The opinion of the court was delivered by: B. Lynn Winmill Chief Judge United States District Court


Before the Court is pro se Defendant Francisco Cardona-Rodriguez's Motion to Clarify Judgment (Dkt. 156). Having reviewed Defendant's Motion and being familiar with the record, the Court will deny the Motion for the reasons stated below.


In December 2011, Defendant pleaded guilty to Conspiracy to Distribute a Controlled Substance. Defendant was sentenced to 37 months in prison; but the Court's Judgment provided a recommendation to the Bureau of Prisons that "the defendant be given credit for all time served." Judgment, Dkt. 138. According to Defendant, he was not credited for time between March 9 and June 18, 2011, when he was in the U.S. Marshal's custody, pending disposition of his case before this Court. Defendant states that he requested an administrative remedy under the PLRA, but was denied because -- he was told -- his time on writ to the U.S. Marshal's is not credited as time served. Motion, Dkt. 156. Defendant now asks for clarification that his time under U.S. Marshal custody counts as time served toward his 37 month prison term.


Preliminarily, the Court notes that the Judgment did not explicitly credit the Defendant with time served. Rather, it was stated only as a recommendation to the Bureau of Prisons. This procedure is followed, because "[c]redit for time served is . . . a matter which generally falls within the province of the Bureau of Prisons under 18 U.S.C. § 3585(b)." U.S. v. Drake, 49 F.3d 1438, 1440 (9th Cir. 1995).

More significantly, this action is filed in the wrong district. Generally, a prisoner may challenge his sentence under 28 U.S.C. § 2255. But where a prisoner argues he is entitled to credit against his sentence for time spent in custody prior to sentencing, he is challenging the execution of his sentence rather than the sentence itself. U.S. v. Giddings, 740 F.2d 770, 772 (9th Cir. 1984). In such circumstances, the prisoner must petition for a writ of habeas corpus under 28 U.S.C. § 2241. Id. The Supreme Court has held that a writ under § 2241 must issue from the court with jurisdiction over the prisoner's custodian. Braden v. 30th Judicial Circuit Court of Kentucky, 410 U.S. 484, 495 (1973); see also Brown v. U.S., 610 F.2d 672, 677 (9th Cir. 1980).

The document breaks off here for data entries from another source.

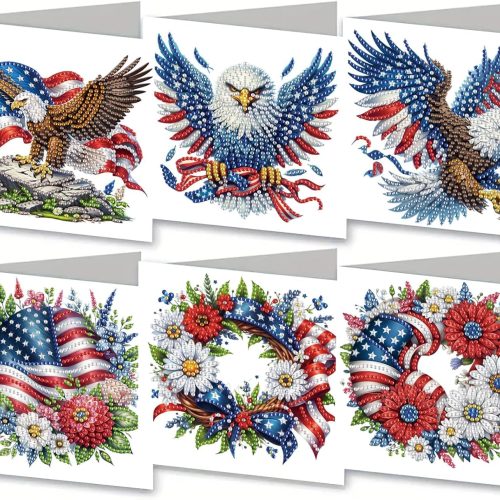 1 MaiYiYi 6 Pack 5D DIY Eagle Diamond Art Cards Flowers Diamond Painting Birthday Cards Wreath Diamond Painting Greeting Cards Kit for Family Friends Holiday Birthday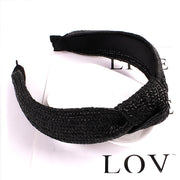 solid color knotted headband, view 9 - MRSLM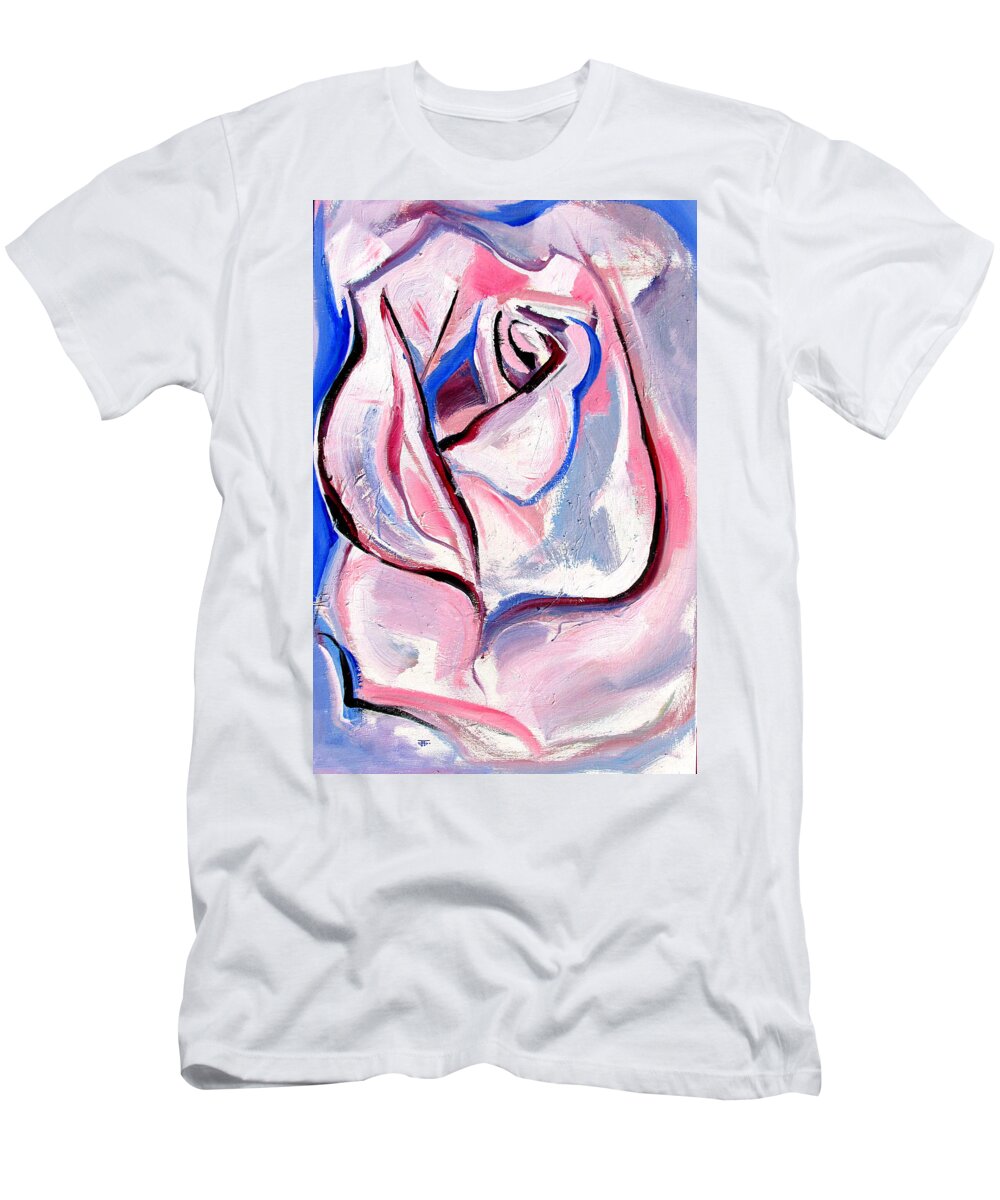 Florals T-Shirt featuring the painting Rose Number 5 by John Gholson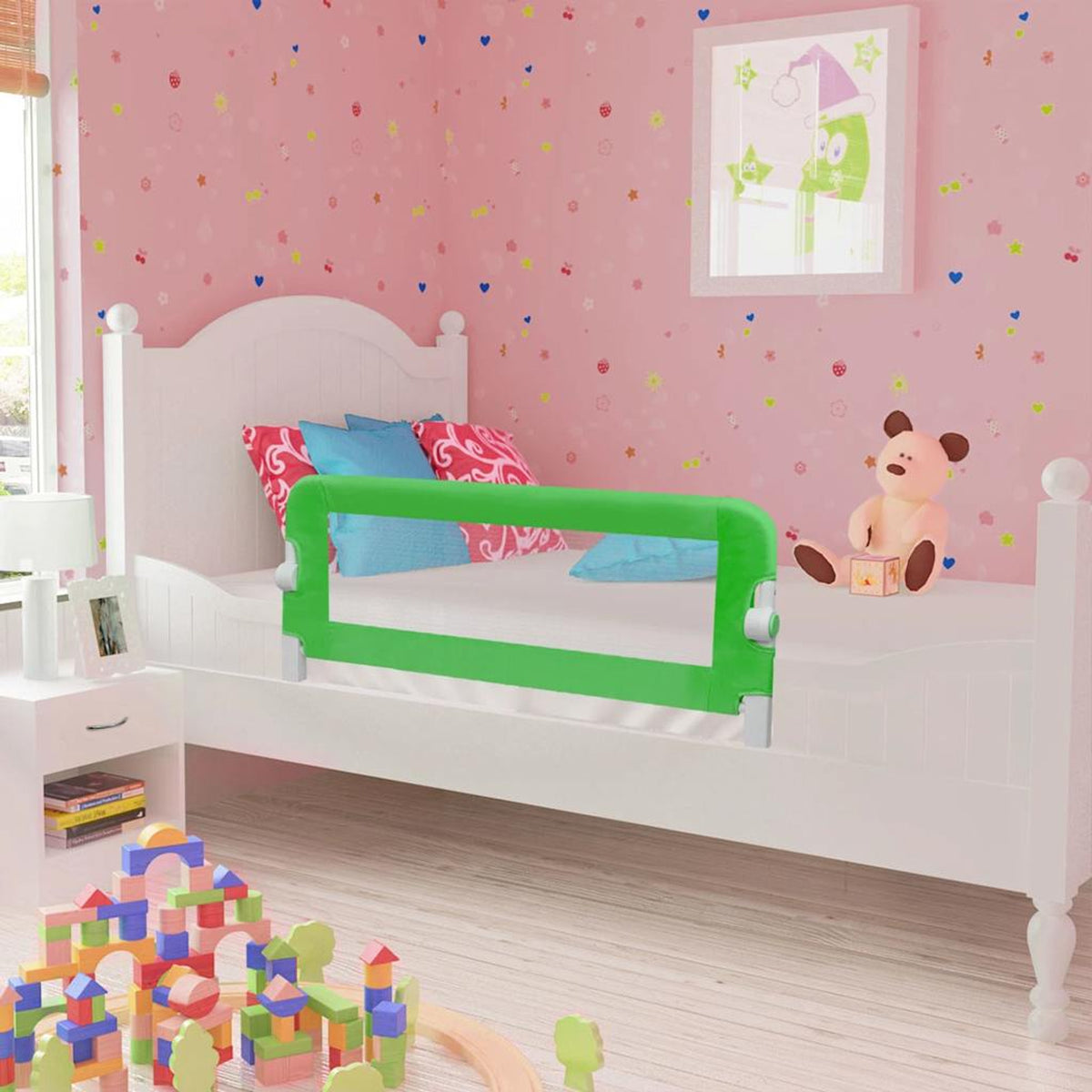 Toddler Safety Bed Rail Polyester Green 102 x 36.5 x 42 cm Child Bed Guard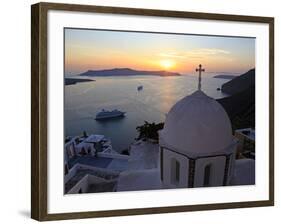 Fira, Santorini, Cyclades Islands, Greek Islands, Greece, Europe-Hans Peter Merten-Framed Photographic Print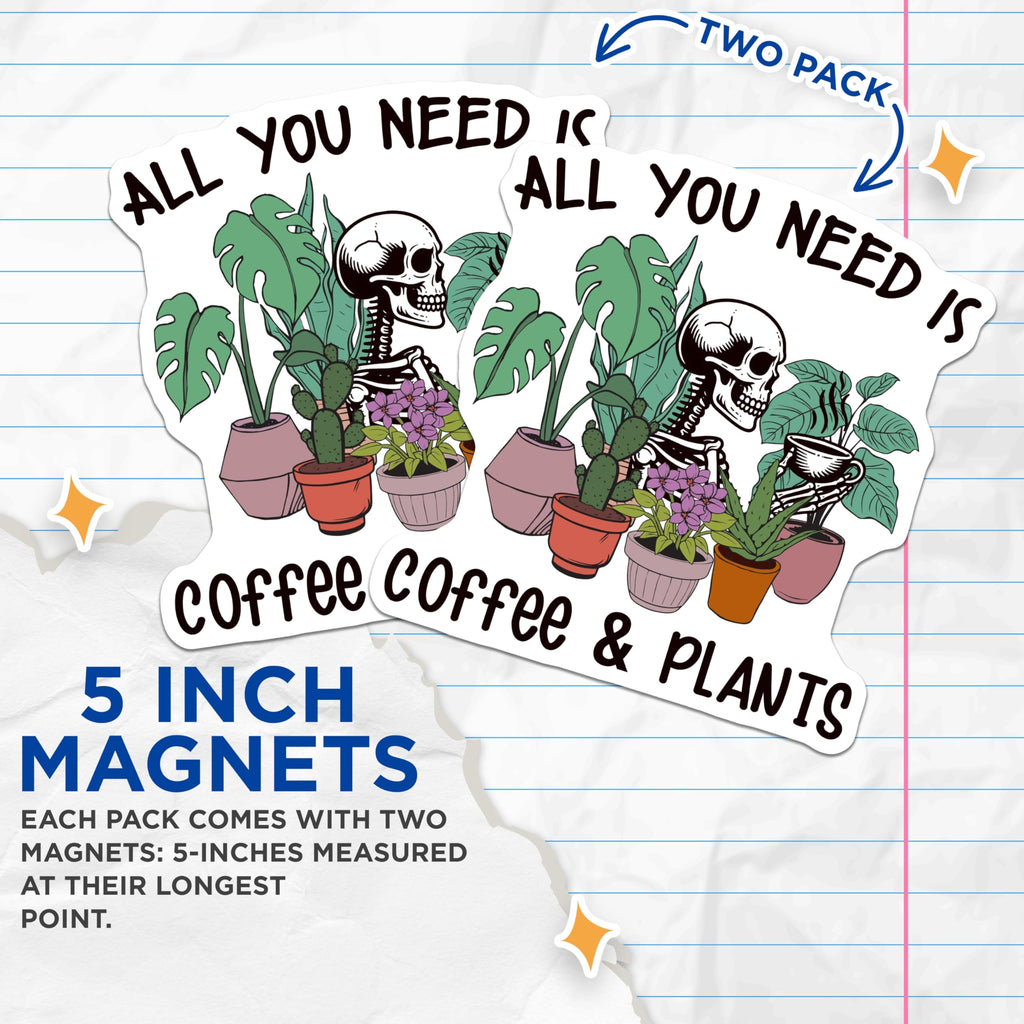 (2 Pack) Coffee Plants Magnets - Skeleton Plant Lover - Funny Coffee Addict Magnet - 5" On Longest Side - Premium Magnet - for Cars, Refrigerators, Toolboxes, Lockers - Made in USA - MAG18542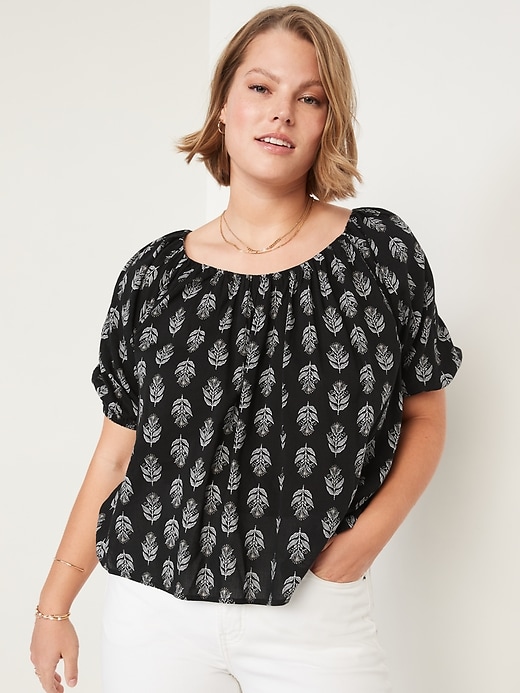 Image number 5 showing, Printed Puff-Sleeve Tie-Back Top for Women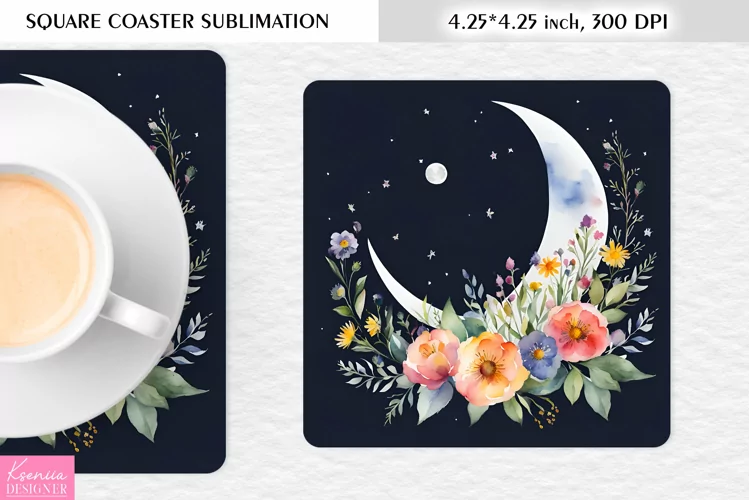 Watercolor Floral Moon|Flower Square Coaster Sublimation
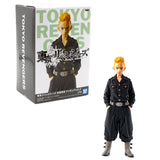“Figura Takemichi Hanagaki con caja Tokyo Revengers de Bandai.”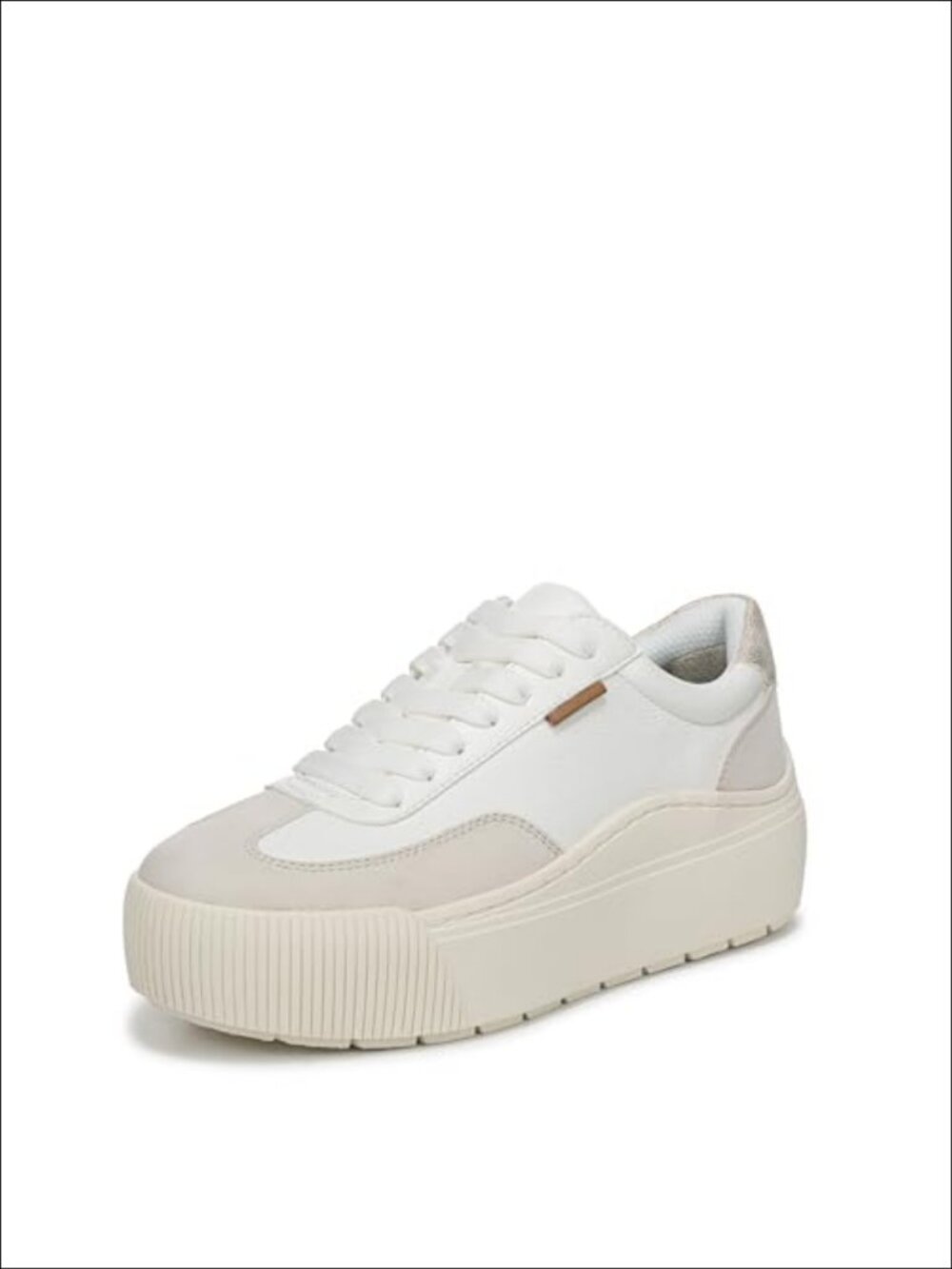 Women's Platform Faux Leather Lace-Up Sneakers Comfort Walking Shoes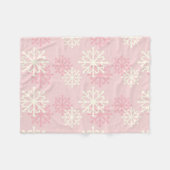 Roze en crème Snowflake Fleece Throw Blanket Deken (Voorkant (Horizontaal))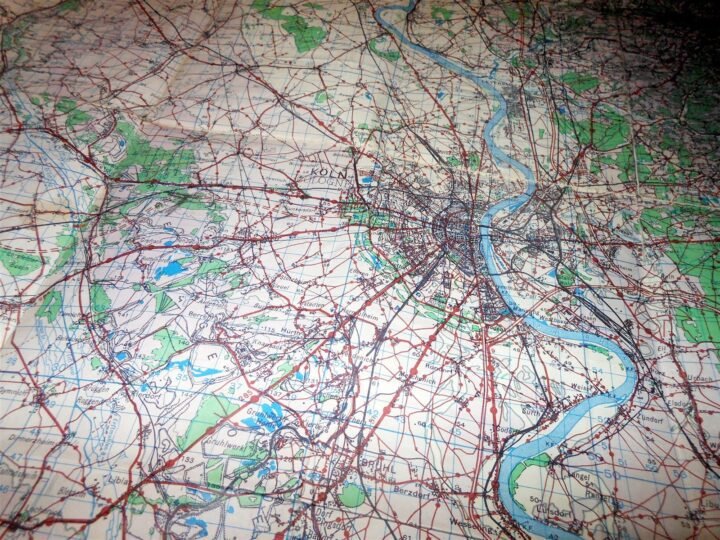 WW2 British War Office Army – 1:100,000 TOPOGRAPHICAL MAP – KOLN – 1944 – NICE! — image 8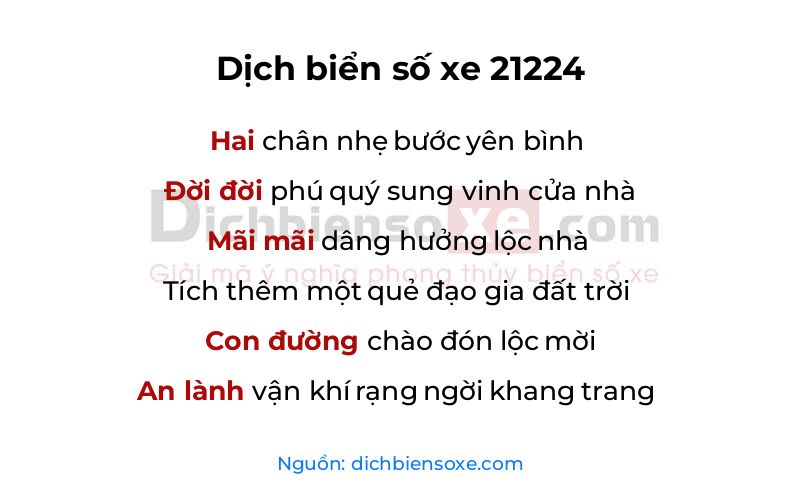 Dịch thơ biển số 21224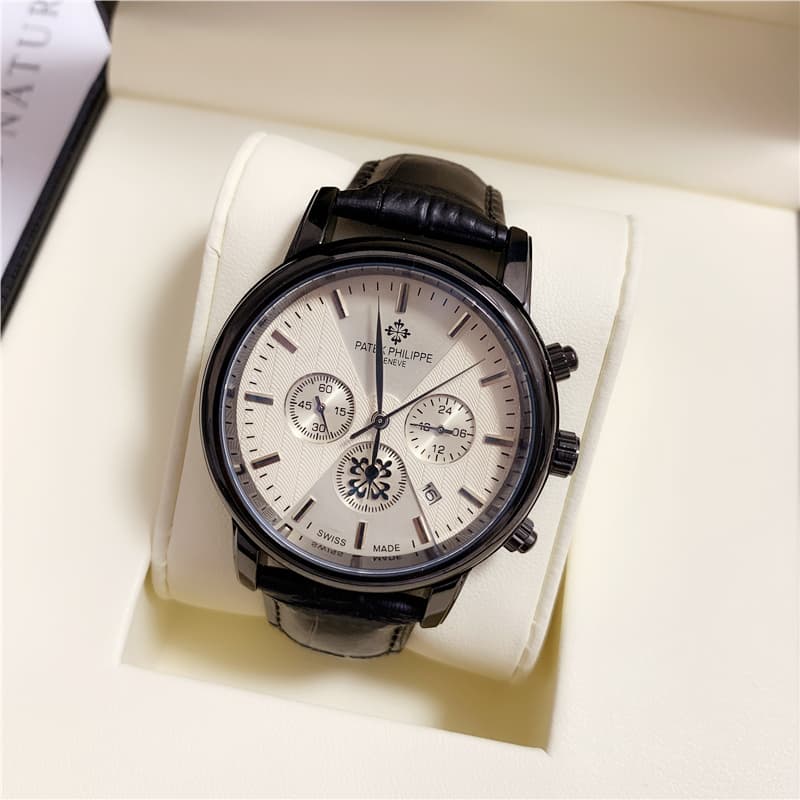 Montre de mode Patek Philippe pour homme, mouvement à quartz, bracelet en cuir, date d'affaires
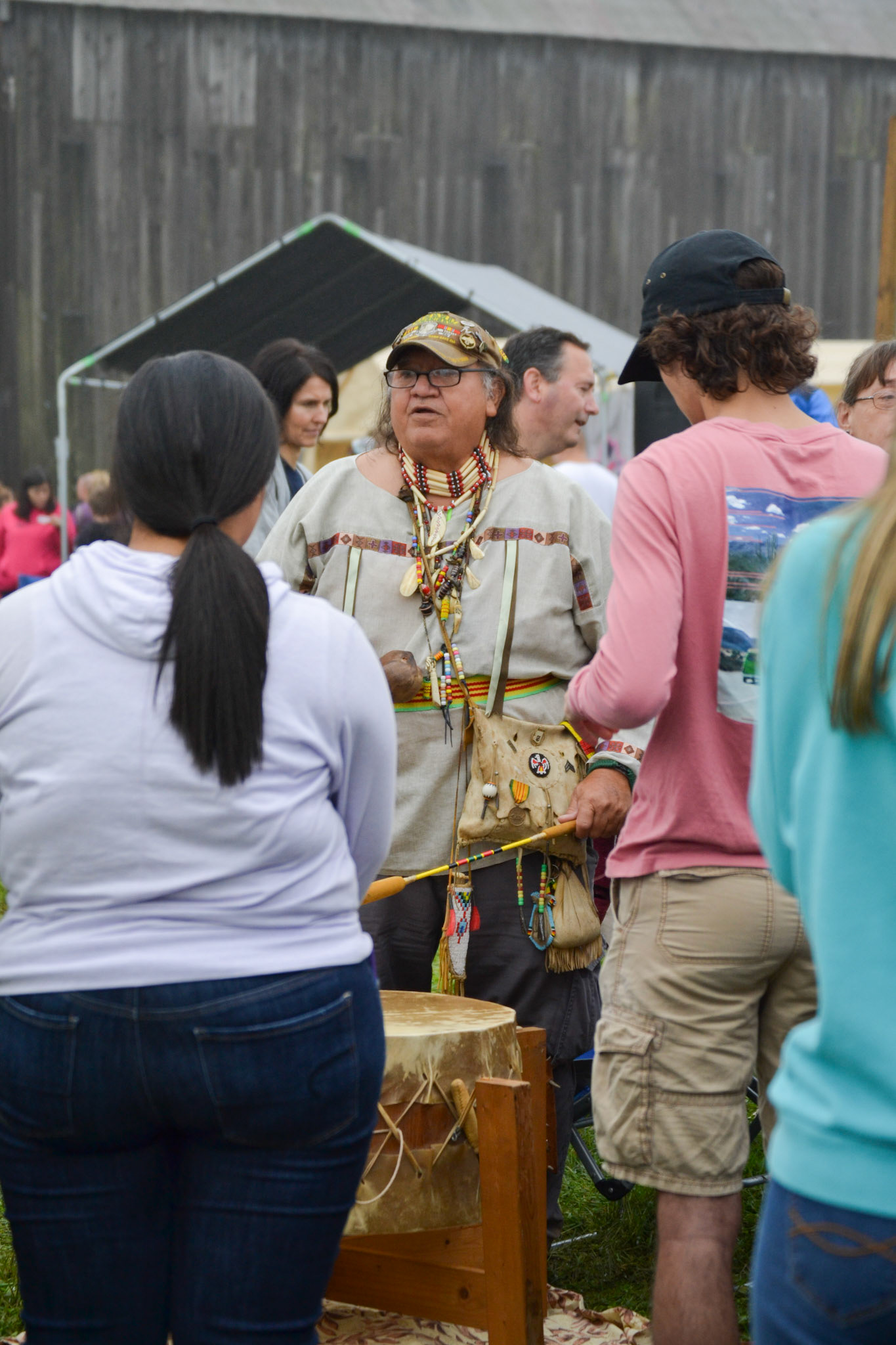 Arizona teaches students how to use the heart drum.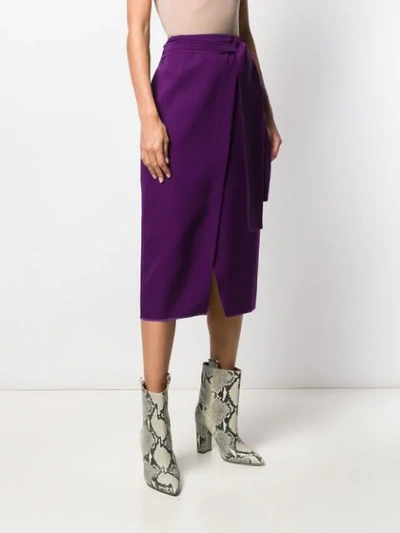 Shop Rochas Wrap Midi Skirt In Purple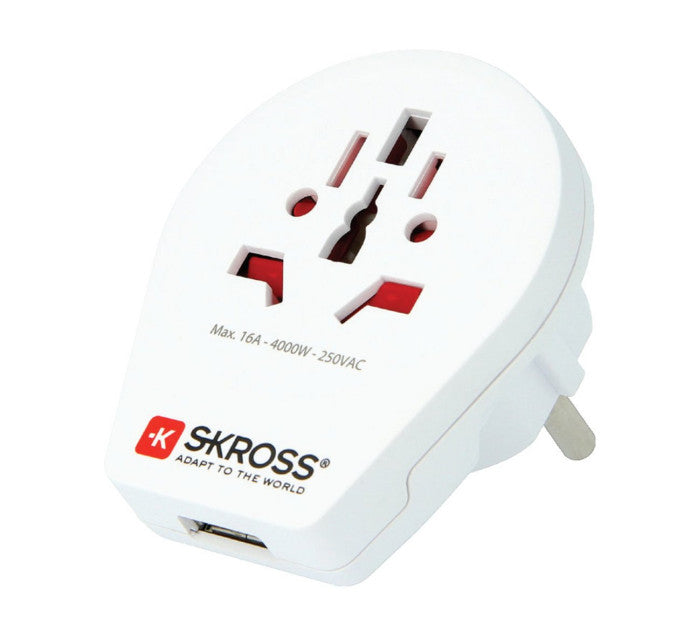 SKROSS WORLD TO EUROPE ADAPTATEUR SECTEUR AVEC CHARGEUR USB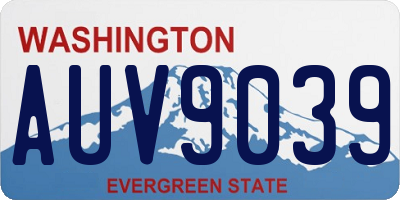 WA license plate AUV9039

Defendant here did not identify §§ 2255, 2241, or any other legal basis for his Motion. Defendant asks the Court to clarify that his credit for time served, outlined in the Judgment, should include credit for his time in the U.S. Marshal's custody, prior to sentencing. As the Ninth Circuit found in Giddings, this issue concerns the execution of Defendant's sentence. 740 F.2d at 772. As such, it is properly raised under § 2241. Id.A petition under § 2241 must be raised to the district court in the district where defendant is confined. Brown, 610 F.2d at 677. According to Court records, that district is in Ohio, and not Idaho.

For these reasons, the Court will deny Defendant's Motion. Nothing in this Order precludes Defendant from filing a proper motion under 28 U.S.C. § 2241.


IT IS ORDERED THAT: Defendant's Motion to Clarify (Dkt. 156) is DENIED.